The classes to obtain this caterer license are available online. Additional locations include two-year and four-year colleges. An additional course is normally necessary if you want to serve alcohol as part of your business plan.
Though catering classes are offered at most culinary arts schools, it's not necessary to take additional courses to qualify for a caterer license. However, enrolling in this type of institution is recommended.
Not only does it expand on the cooking skills you already have, but it also provides a better understanding of local health and safety regulations you must be aware of. In turn, you gain an upper hand over the competition.
At the end of the class, you're given an exam. Whether you pass or fail determines if you can apply for a catering business license. It's recommended to reach out to your local health department to determine the proper guidelines and where these certification classes are offered.
On top of obtaining a local catering permit, you should also earn a certification from the National Association for Catering and Events.
This is based on a comprehensive knowledge base that covers core competencies. These include:
- Beverage management
- Contracts and agreements
- Human resources
Can You Work Without a Catering License?
Even if you have the proper insurance for your storefront or home-based catering service, you still need a license from the state to operate.
In fact, some regions don't let you obtain a permit without the necessary coverage.
Without the proper certification, you put yourself and your assets at stake. Since you work with food, you run the risk of the health department shutting you down until you get the right permits.
Further operation without the proper catering license requirements leads to potential fines.
There's another risk you take when you don't have a caterer license that's connected to your clients. If someone gets sick from the food you provide, then you face problems on two fronts: you could be sued by the customer as well as face legal action from regulatory authorities.
Should this happen without insurance, then the costs of attorneys and any damages come out of your personal assets. Furthermore, you're deemed as high risk.
It gets harder to obtain business insurance and approval for a permit. On top of this, your reputation is greatly harmed.
What licenses are needed to start a catering business?
If you're new to catering or ready to transform your catering business into a restaurant, we've got you covered.
1. How To Get Your Food Establishment License
In addition to qualifying for and receiving a catering license, you also must obtain one for the food establishment. This is the location where the items are prepared, cook, and possibly served to the public.
Without this permit, you don't have the legal standing to continue operations.
Each county and state has its own guidelines and fee amounts to obtain a food establishment license. Generally, you need to define whether the location is static or a mobile unit like a food truck. The licensing agency also needs to know if you intend to operate in an area they inspect and license.
In either environment, you are asked to provide details on various features of the establishment. For instance, the menu, equipment manufacturers and layout, utility and HVAC diagrams, and interior finishes.

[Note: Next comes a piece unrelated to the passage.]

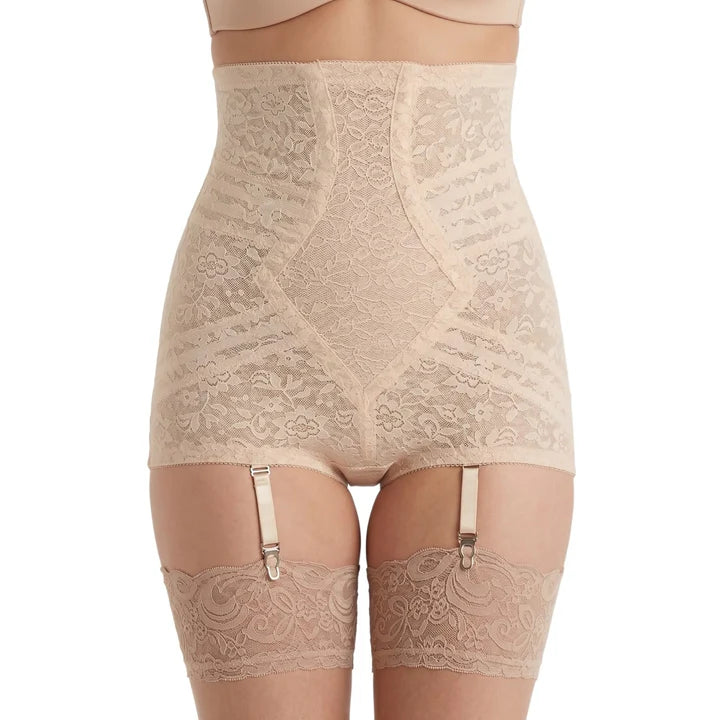 RAGO HIGH WAIST EXTRA FIRM NO ROLL PANTY GIRDLE W/ DETACHABLE GARTER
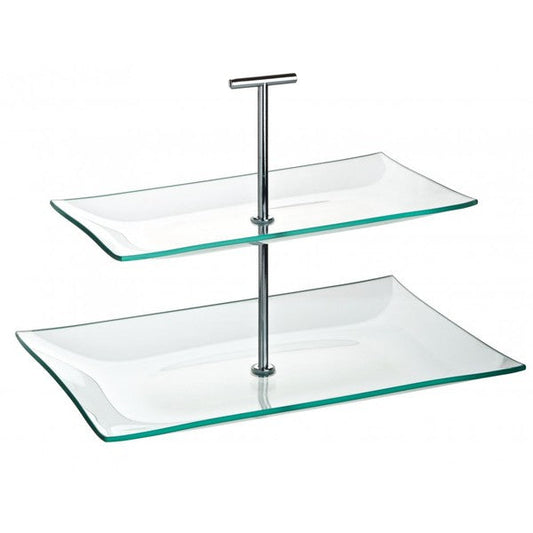 Cake Stand Glass 2 Tier Rectangular 30cm x 16cm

All of this information is packaged together with a licensing fee.
2. How To Get Your Alcohol License
Should you want your catering establishment to serve alcohol, then you must obtain a license. This is a non-starter when it comes to local and state regulators.
If an inspection reveals you serve alcohol and aren't licensed to do so, then you must stop immediately or close your operation down. Furthermore, excessive fines will be levied against your company.
Like a food establishment license, regulatory conditions differ between the Alcohol Beverage Control (ABC) agencies in each region.
Some are directly regulated at the state level while others let counties and municipalities handle regulation.
There are different types of alcohol licenses based on how you intend to serve. For example, an on-license is for a catering establishment that provides drinks on the premises.
An off-license allows customers to purchase alcoholic beverages for off-site consumption.
Since your catering establishment focuses on food, you would qualify for one of two license classes. One is for beer and wine served to complement your dining offerings.
A restaurant license qualifies you to serve any type of alcohol, including hard liquor, within the establishment.
To obtain a liquor license, you need to provide several pieces of information. This includes an employee identification number (EIN), certificate of incorporation, floor plans, and a proposed food menu. In addition, a fee of several thousand dollars is required.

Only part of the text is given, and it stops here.